Gene regulation is exerted by cooperative interactions among TFs that binds to clusters of sites within cis-regulatory regions. Distinct cis-regulatory modules direct reporter expressions selectively in a particular cell/tissue specific manner are likely to interact with similar set of TFs and thus defining the TFBSs code for co-expressed genes. In this respect, given the abundant set of experimentally defined regulatory sequences, which is sufficient to direct expression of a reporter gene in a cell-specific pattern and list of TFs that are known to be relevant to that tissue, it is possible to construct biologically relevant, tissue specific, complex heterotypic TFs cluster model. Under this assumption, among the CNE-enhancers linked to their target genes we analyzed the large subset of regions that direct gene expression selectively to CNS and defined combinatorial heterotypic interactions of multiple TFs that are likely to bind to typical CNS specific cis-regulatory module. This analysis not only figures out the generalized structure of typical CNS specific enhancer, but has established TF interaction network that can be used as training data set for large scale identification of CNS specific enhancers.
In vivo dataset
Experimentally verified catalog of human enhancers which is the basis of this study was obtained from VISTA Enhancer Browser . The core dataset of the VISTA Enhancer Browser consists of experimental in vivo data of human and mouse tissue-specific enhancers . These enhancer regions were initially identified by evolutionary sequence conservation or by ChIP-seq . Subsequently these putative enhancer sequences are tested in a transgenic mouse assay to validate their in vivo function and to determine their tissue specificity . Elements that show reproducible and consistent LacZ reporter gene expression among at least three mouse embryos are presented as positive enhancers elements, whereas elements for which no reporter expression is observed among a minimum of five transgenic embryos are defined as negative . The dataset of positive embryos is reported comprehensively in terms of sequence coordinates, flanking genes, annotated expression patterns and details of reproducibility of each structure, images of individual embryos, and series of histological sections . Currently this database host experimentally confirmed 975 human enhancer sequences, directing reproducibly the reporter expression in diverse set of embryonic domains at embryonic day 11.5. We restricted our analyses to 192 human-teleost fish conserved sequences (Table 1, for detailed list see Additional file 1: Table S1). For each of the candidate enhancer element, we retrieved from VISTA enhancer browser information such as, genomic sequence, VISTA enhancer ID, conservation depth, and name of neighboring genes, tissue specificity and image data (Additional file 3: Table S2).
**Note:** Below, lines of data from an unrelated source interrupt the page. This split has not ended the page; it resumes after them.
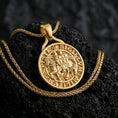 Load image into Gallery viewer, Gold plated Knights Templar seal pendant necklace presented on porous volcanic rock, highlighting the circular crusader medallion design in a luxurious close-up jewelry image.
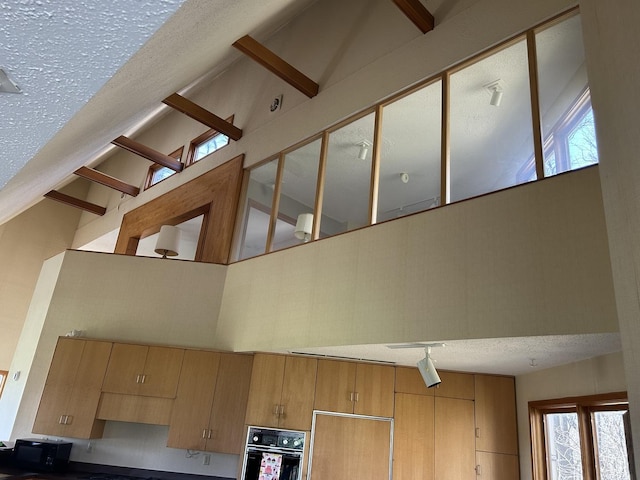 room details with a textured ceiling and oven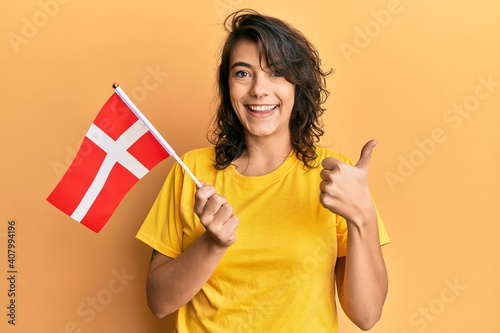 Canvas Print Young hispanic woman holding denmark flag smiling happy and positive, thumb up d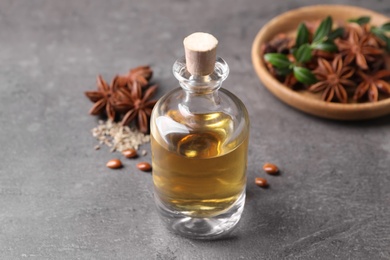 Photo of Anise essential oil and spices on grey table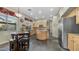 Bright kitchen with stainless steel appliances, a center island, and ample cabinet space at 1620 W Nighthawk Way, Phoenix, AZ 85045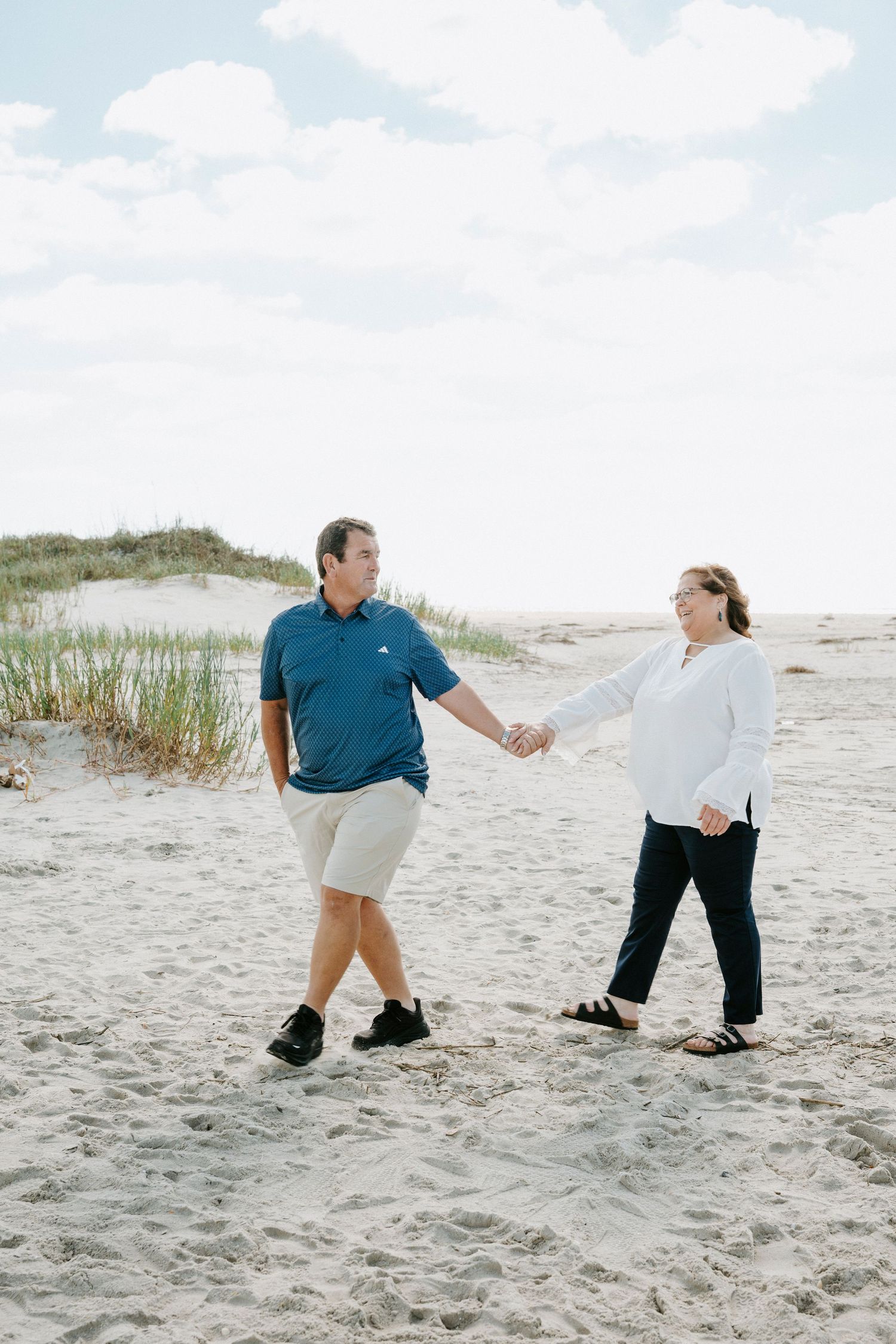 A couple playfully dances together on a sandy beach with dunes and sea grass in the background.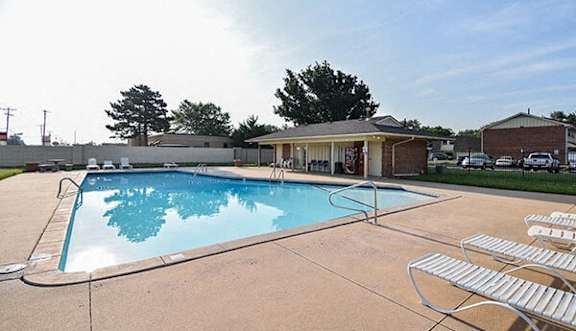 a swimming pool with chairs around it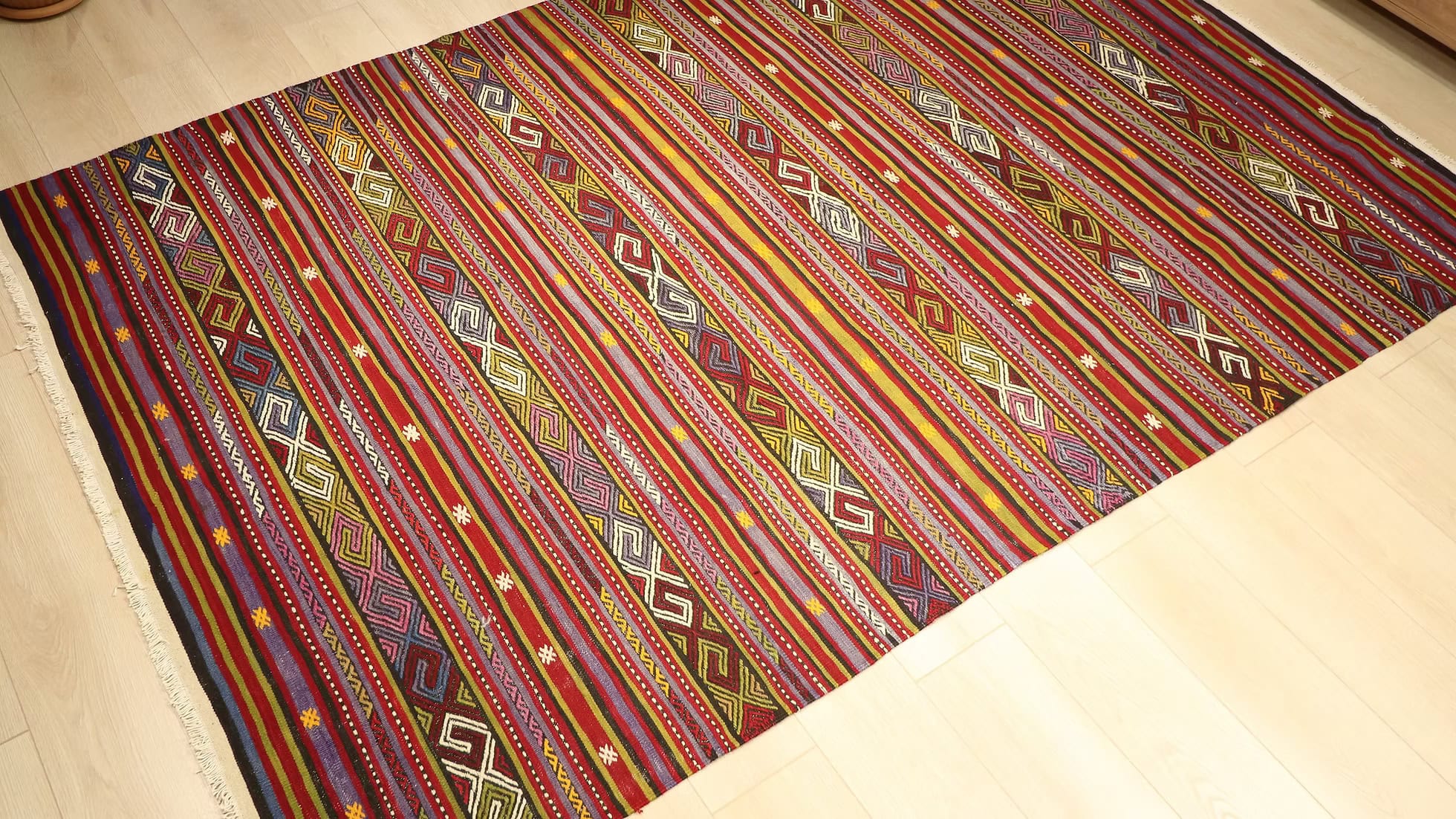 Detailed photo of vintage Balikesir kilim highlighting the quality wool weave and vibrant color palette of cherry red, saffron gold, and pistachio green, ideal for adding cultural heritage and warmth to any space.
Assigning the target gene to human CNE-enhancers
In order to associate each of the selected subset of human CNE-enhancer with their bona fide target gene, we analyzed the neighboring genomic context using the UCSC  and Ensembl genome browsers  and drafted a locus map depicting the flanking genes spanning at least 2 MB interval on either side of CNE-enhancer (Additional file 2: Figure S1). The sequence similarity of selected subset of CNEs between the human and the teleost fish genome suggests that they are functional in both lineages. It would be appropriate then to speculate that the target genes would also be the same in both species. Given this assumption, comparative picture of these CNE-enhancers bearing human synteny maps was observed in currently available teleost genome (zebrafish, tetraodon, stickleback, medaka and Fugu) by using Multi-species view option at Ensembl genome browser . This allowed us to map carefully the genomic context of evolutionary conserved human enhancers in corresponding zebrafish, tetraodon, medaka, stickleback and Fugu loci (Additional file 2: Figure S1). Among these anciently diverged genomes (human-teleost fish, >450 Mya) uninterrupted physical linkage between CNE-enhancer and one or more neighboring genes was taken as an evidence of functional association (Additional file 1: Table S1 and Additional file 2: Figure S1). To further confirm these associations, for one or more genes depicting evolutionary conserved physical association with CNE-enhancer, the endogenous expression pattern of the mouse ortholog was obtained from MGI . We preferred available gene expression obtained by RNA in-situ hybridization. Reporter gene expression induced by the selected CNE-enhancer is also captured from the VISTA enhancer browser database . We manually compared the image data of transgenic mouse embryos expressing LacZ reporter gene under the influence of CNE-enhancer element with the RNA in-situ hybridization based endogenous expression data of genes residing in the neighborhood of enhancer sequence (Additional file 3: Table S2).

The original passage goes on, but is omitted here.